The Wisdom Of Whuber

That's William Huber, whuber for short, dispensed in his answers at the relatively new stats Q&A site, Cross Validated. His answers are the best on there, reputation normalized to the number of answers (with shrinkage). Here he writes about whether the median is a better summary stat than the mean:
Statistics does not provide a good answer to this question, IMO. A mean is ok to use, too, and is relevant in mortality studies for example. But ages are not as easy to measure as you might think: older people, illiterate people, and people in some third-world countries tend to round their ages to a multiple of 5 or 10, for instance. The median is more resistant to such errors than the mean....  Thus, for demographic, not statistical, reasons, a median appears more worthy of the role of an omnibus value for summarizing the ages of relatively large populations of people.

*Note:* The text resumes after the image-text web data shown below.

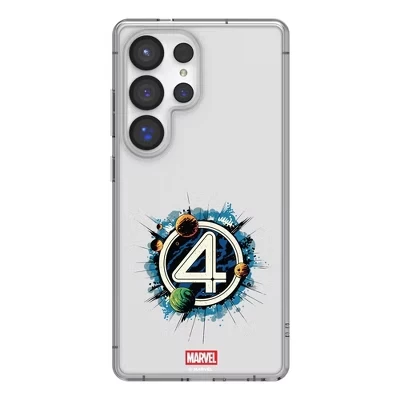 Прозрачный чехол для мобильного телефона Marvel Fantastic 4 Badge для Samsung Galaxy fantastic four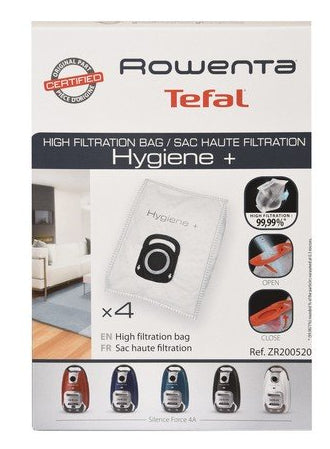Rowenta ZR200520 Sac à poussière Aspirateur réservoir cylindrique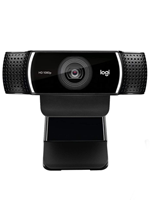 Logitech C922 PRO Webcam mit Stativ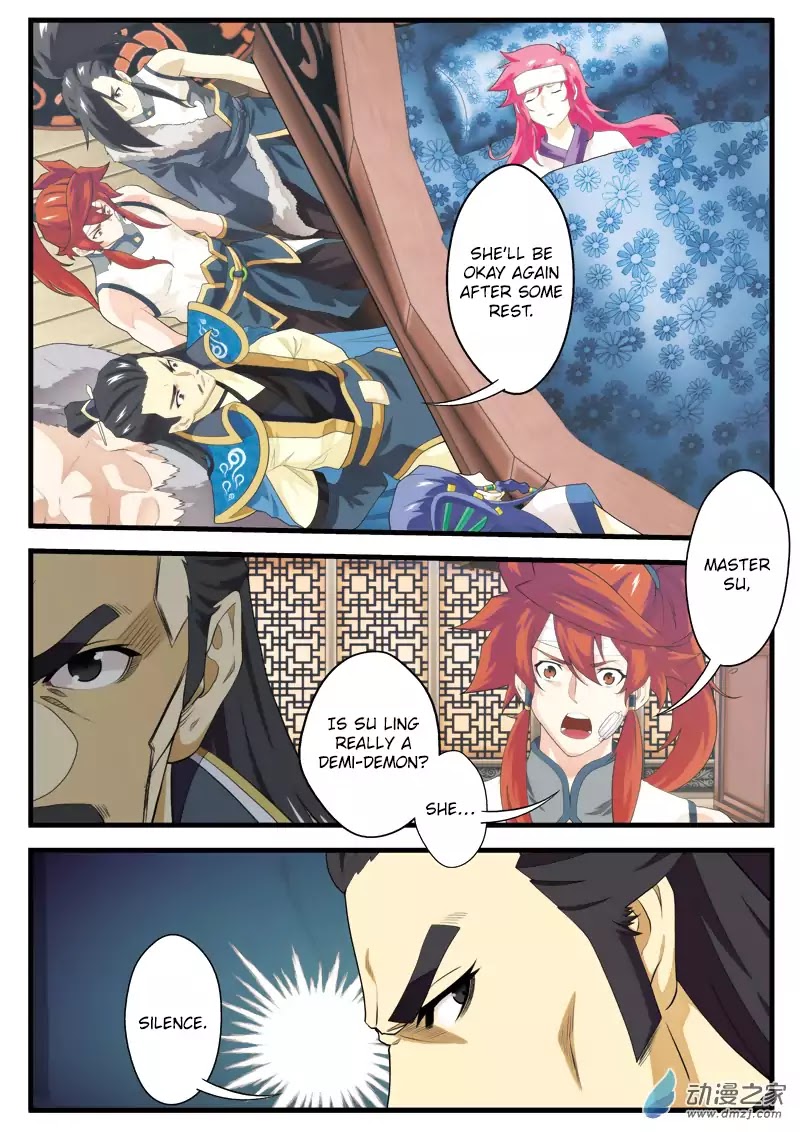 The Mythical Realm Chapter 123 page 4 - Chapter 123: The Stone Tablet Prophecy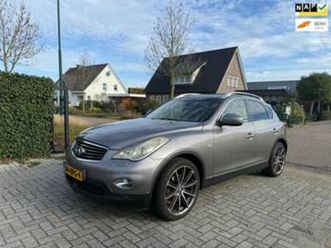 infiniti ex 37 gt | nap nl-auto 320 pk leder camera trekhaak — infiniti — marktplaats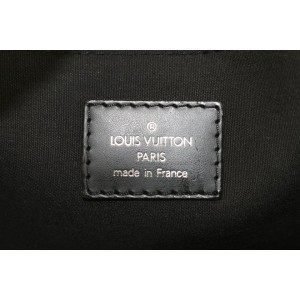 Louis Vuitton Black Epi Leather Noir Segur MM Satchel Bag 671lvs618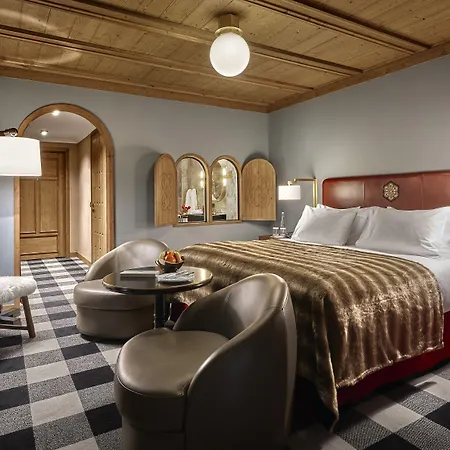 Hotel Apogee Courchevel, Oetker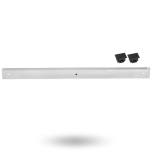 SLIDE ARM ASSEMBLY TO SUIT 7726SR - RAIL WITH END CAPS SILVER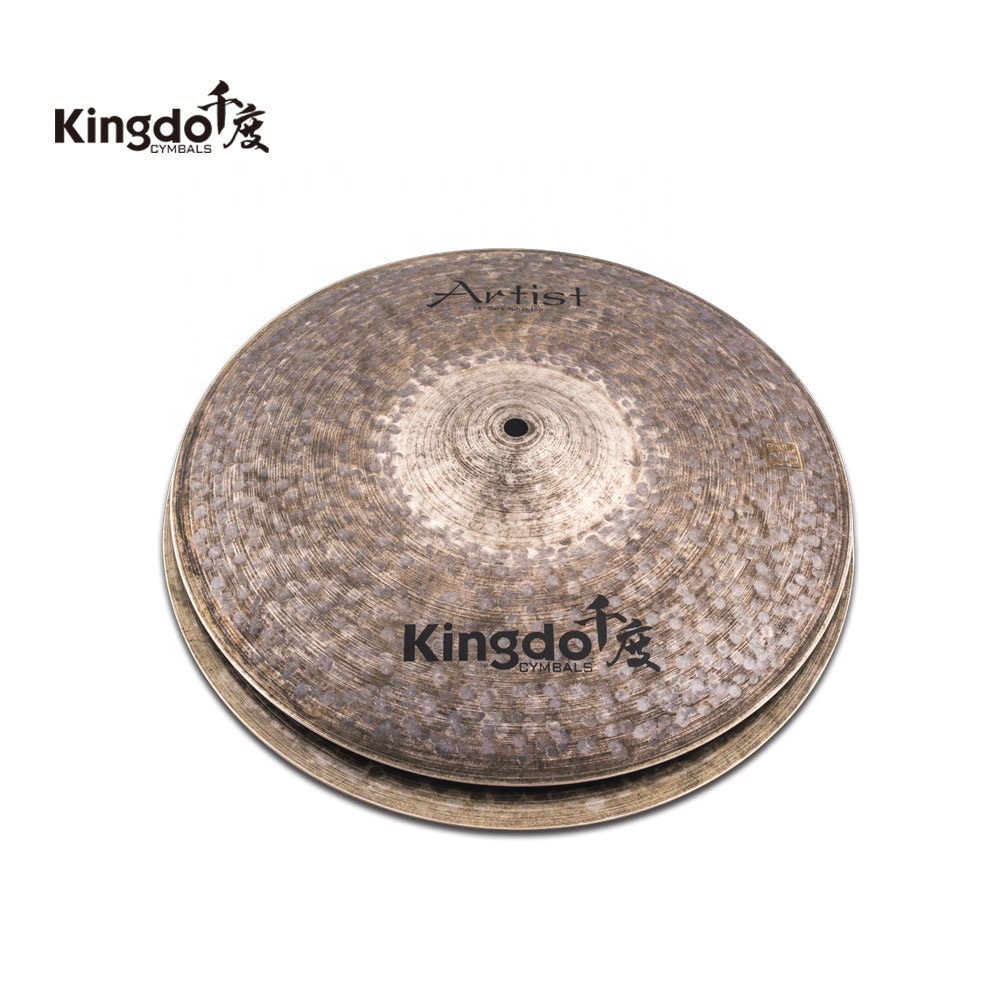 Kingdo 13'' Dark Hi-Hat Cymbal – Cymbal Hi Hat recenzja i cena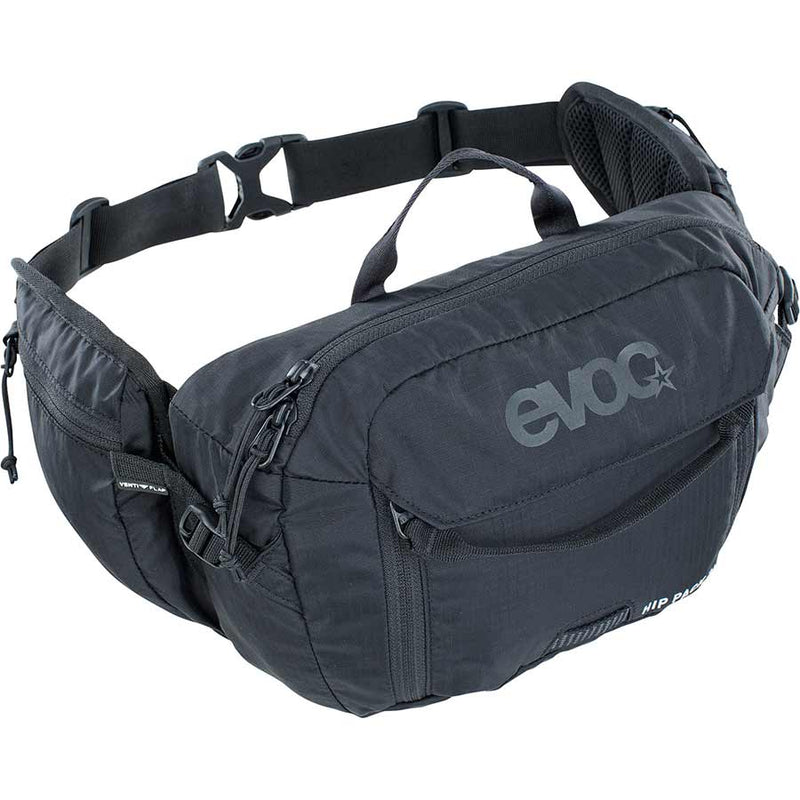 Load image into Gallery viewer, EVOC HIP PACK 3l Hydration Bag, Volume: 3L, Bladder: Not included, Black
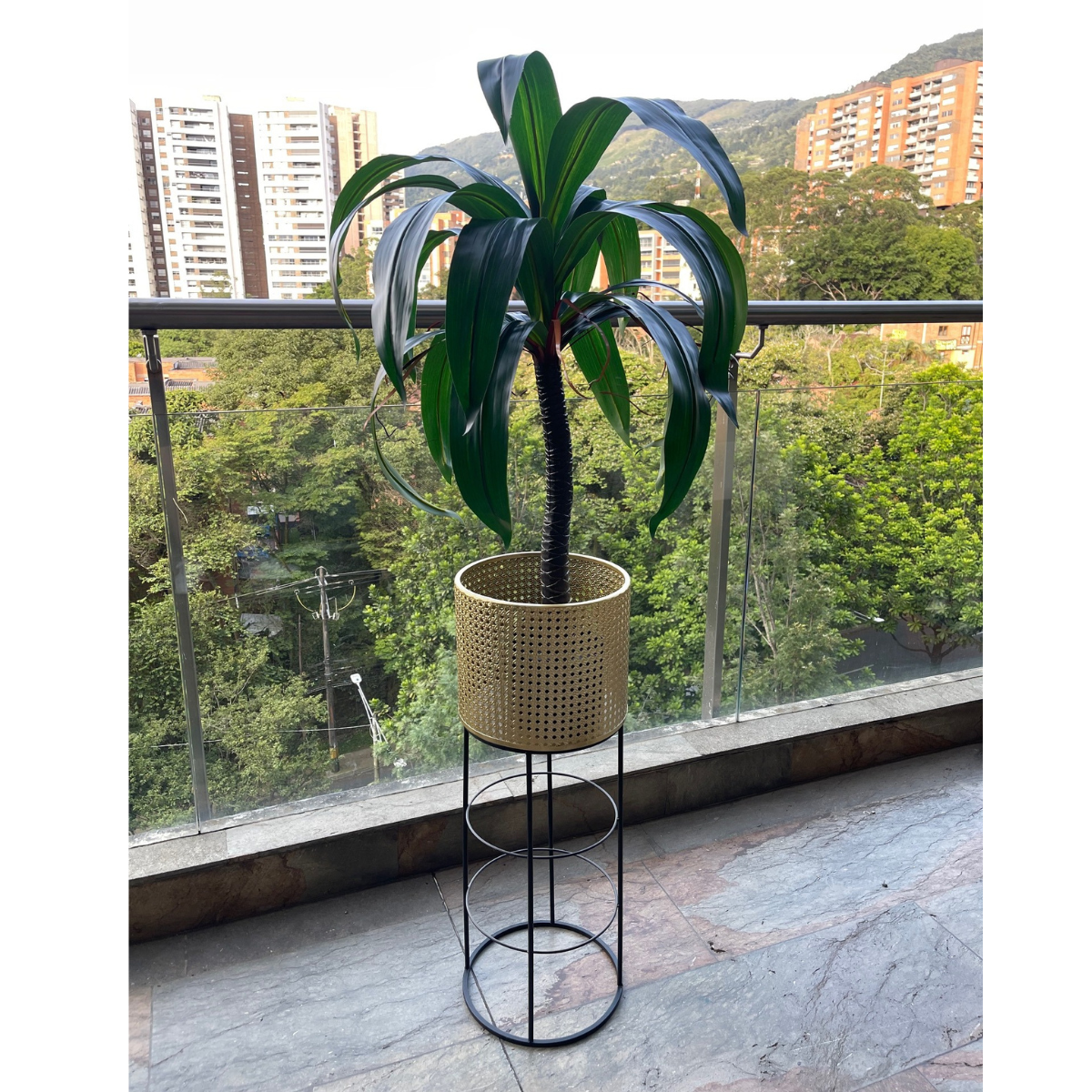Planta Decorativa Artificial de Brazil 120 cm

Here he writes about the biggest questions in statistics, from which I'll reproduce two (emphasis his):
  • Coping with scientific publication bias. Negative results are published much less simply because they just don't attain a magic p-value. All branches of science need to find better ways to bring scientifically important, not just statistically significant, results to light. (The multiple comparisons problem and coping with high-dimensional data are subcategories of this problem.)
  • Probing the limits of statistical methods and their interfaces with machine learning and machine cognition. Inevitable advances in computing technology will make true AI accessible in our lifetimes. How are we going to program artificial brains? What role might statistical thinking and statistical learning have in creating these advances? How can statisticians help in thinking about artificial cognition, artificial learning, in exploring their limitations, and making advances?
And here he writes about whether you should use a normal distribution to assign student grades:
I think that if any of those 800 students were to read this question, they might be offended. How well did they perform? How much learning was accomplished? That is what a grade should reflect, not some arbitrary statistical summary of their position in a group. IMHO this question should be recast in terms of teaching objectives, not statistical procedure, such as "what is a good way to convert raw scores to grades in a way that respects student accomplishments and advances the learning objectives of this class?" Statistics can help, but blind statistics--like standardization--will not.
Although they are often quite quantitative, his answers show how good stats rely on far more than just math.